▶ Task: Return exactly those lines of the material below that fall between the line holding "Hot Smoked Pike" and the line holding "A surveyor using", inclusive.

○ ○ ○ ○ ○ ○ ○

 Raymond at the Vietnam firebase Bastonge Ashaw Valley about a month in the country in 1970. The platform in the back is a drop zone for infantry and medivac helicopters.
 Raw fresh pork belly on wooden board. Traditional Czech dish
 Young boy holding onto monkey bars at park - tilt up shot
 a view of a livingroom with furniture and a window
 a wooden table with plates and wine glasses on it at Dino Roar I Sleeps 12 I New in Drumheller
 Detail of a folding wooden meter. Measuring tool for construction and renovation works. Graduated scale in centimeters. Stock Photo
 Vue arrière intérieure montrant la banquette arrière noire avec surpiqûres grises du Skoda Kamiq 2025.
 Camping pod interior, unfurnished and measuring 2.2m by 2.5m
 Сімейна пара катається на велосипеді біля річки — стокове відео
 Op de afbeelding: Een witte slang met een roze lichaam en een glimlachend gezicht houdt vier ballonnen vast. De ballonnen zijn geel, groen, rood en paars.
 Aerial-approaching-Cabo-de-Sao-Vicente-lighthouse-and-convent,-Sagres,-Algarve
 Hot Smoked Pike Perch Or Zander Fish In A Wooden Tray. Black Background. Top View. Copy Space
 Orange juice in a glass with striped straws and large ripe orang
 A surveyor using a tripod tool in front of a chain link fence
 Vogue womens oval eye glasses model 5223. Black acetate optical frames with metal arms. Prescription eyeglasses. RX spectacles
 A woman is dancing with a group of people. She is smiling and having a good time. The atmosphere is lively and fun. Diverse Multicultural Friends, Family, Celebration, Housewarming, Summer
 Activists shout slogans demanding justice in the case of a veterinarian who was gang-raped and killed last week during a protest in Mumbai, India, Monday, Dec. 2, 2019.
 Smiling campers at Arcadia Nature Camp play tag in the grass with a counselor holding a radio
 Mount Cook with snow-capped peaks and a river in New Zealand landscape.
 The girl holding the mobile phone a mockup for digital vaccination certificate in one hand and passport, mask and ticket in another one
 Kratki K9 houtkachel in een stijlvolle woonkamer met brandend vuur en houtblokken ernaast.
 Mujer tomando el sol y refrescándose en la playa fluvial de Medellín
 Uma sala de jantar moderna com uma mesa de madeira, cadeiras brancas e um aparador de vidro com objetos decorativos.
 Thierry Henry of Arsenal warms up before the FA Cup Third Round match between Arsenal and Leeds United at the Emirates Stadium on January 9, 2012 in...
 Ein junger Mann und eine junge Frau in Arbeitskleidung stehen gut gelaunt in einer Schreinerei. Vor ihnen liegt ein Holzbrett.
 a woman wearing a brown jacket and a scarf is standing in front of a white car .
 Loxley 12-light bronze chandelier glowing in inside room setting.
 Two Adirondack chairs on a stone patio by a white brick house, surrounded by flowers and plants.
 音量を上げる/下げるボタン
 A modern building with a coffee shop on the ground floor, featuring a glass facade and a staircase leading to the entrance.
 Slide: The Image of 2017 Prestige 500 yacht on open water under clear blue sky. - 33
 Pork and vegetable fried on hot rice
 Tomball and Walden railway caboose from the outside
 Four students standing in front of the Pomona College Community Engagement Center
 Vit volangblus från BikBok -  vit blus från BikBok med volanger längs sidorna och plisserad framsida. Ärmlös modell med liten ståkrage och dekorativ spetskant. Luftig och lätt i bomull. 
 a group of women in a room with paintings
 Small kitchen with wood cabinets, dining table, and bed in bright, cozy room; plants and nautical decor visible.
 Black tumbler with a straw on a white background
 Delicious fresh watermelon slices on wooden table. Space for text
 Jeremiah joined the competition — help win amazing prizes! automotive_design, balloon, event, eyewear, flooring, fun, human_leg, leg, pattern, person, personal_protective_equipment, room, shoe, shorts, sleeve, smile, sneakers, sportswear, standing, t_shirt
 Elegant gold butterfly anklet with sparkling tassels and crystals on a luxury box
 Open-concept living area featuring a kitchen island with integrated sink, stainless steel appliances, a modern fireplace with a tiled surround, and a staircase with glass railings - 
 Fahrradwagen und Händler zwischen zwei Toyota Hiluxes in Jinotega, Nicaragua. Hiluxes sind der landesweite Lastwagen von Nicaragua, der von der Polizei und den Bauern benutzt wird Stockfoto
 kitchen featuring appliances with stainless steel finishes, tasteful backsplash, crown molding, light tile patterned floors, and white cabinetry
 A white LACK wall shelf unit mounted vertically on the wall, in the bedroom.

○ ○ ○ ○ ○ ○ ○

▶ Written response:
 Hot Smoked Pike Perch Or Zander Fish In A Wooden Tray. Black Background. Top View. Copy Space
 Orange juice in a glass with striped straws and large ripe orang
 A surveyor using a tripod tool in front of a chain link fence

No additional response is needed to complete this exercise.